I don't know about plastic rods or "defective" rods. Learned the hard way that leaving a jag attached to your under-barrel ramrod so that the jag extends beyond the muzzle can change the strike of your ball when you fire. I was hunting on a ranch up on the Pedernales, carrying my .54 J&S Hawken for her first hunt. She'd been well sighted in at 25 and 50 yards with the load I was using. When I swabbed the bore dry and loaded that morning, I left the jag attached to her ramrod simply so I wouldn't have to dig around in my possibles looking for it if needed. A good-sized buck came to me about first light and stopped not more than 30 yards away. He was facing me on a slight angle, quartered to my left. I rested the rifle barrel on a post with my ol' hat as a cushion and squoze the trigger, holding on the front of his left shoulder. Rifle went "BANG!" and I grounded the buttplate, reaching for my horn, and waited for that deer to fall down. Instead he went galloping off through the scrub as I poured another charge down. By the time I got reloaded my hunting buddy wandered up from his stand to help me dress out the meat --- he said he heard the shot. We went up to where the deer was standing and sure enough, there was his track. Couldn't find a trace of blood or hair, and from the tracks that buck was still gaining speed when he went over the rise. Later that day, I scrounged a piece of rusty roofing tin from a tumble-down shed nearby, propped it on a bush right where the deer was standing, and fired at a rust spot the size of my palm, shooting from the same spot with the same rest. The ball hit about 16 inches directly below the rust spot! I duplicated that result on the range several days later, then removed the jag --- only because it was the only thing different from when I sighted the rifle in --- and hit my mark. I was bumfuzzled! Got in touch with another friend who was also a college professor, showed him the results, and he looked surprised: "Well, naturally.
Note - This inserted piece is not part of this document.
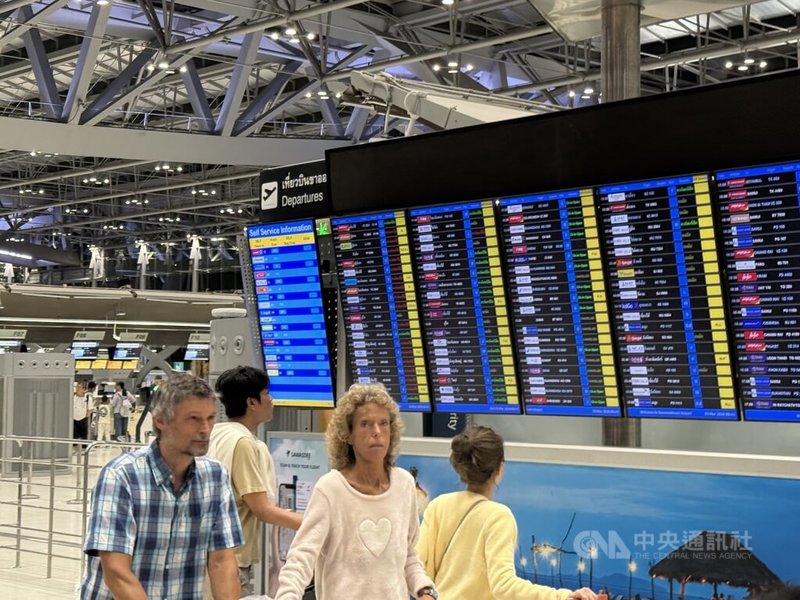 美以聯手空襲伊朗，中東多國關閉領空導致航班大亂，泰國曼谷蘇凡納布機場及其他主要機場有逾百個航班取消，圖為出境大廳航班資訊。中央社記者李宗憲曼谷攝　115年3月3日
The hot gasses from firing reflect off the surfaces of the jag and change the spin of the bullet." So I said, "Okay -- But what would the effect be?" and he thought for a minute and then said,
"Well, It would make the bullet drop more rapidly, like putting back-spin on a billiard ball." "Huh!" says I. So since then I'm careful to remove the jag from the ramrod I keep in the barrel thimbles --- which is hickory, by the way, with a pinned tip.
I do have a loading rod, longer than the one under the barrel and slightly greater in diameter than that one. It's also hickory. I have two steel range rods that a buddy made for me, with t-handles for strength. One is small diameter for the bores that are .36" or less, and one larger for the .45's and up. I don't use any of those f-word rods, nor plastic either.